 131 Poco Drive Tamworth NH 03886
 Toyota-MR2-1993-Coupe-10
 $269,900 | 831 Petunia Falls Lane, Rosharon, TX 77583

-=-=-

▶ Task directions
Retype the listing above, exactly and in full.

▶ Response to the exercise
 131 Poco Drive Tamworth NH 03886
 Toyota-MR2-1993-Coupe-10
 $269,900 | 831 Petunia Falls Lane, Rosharon, TX 77583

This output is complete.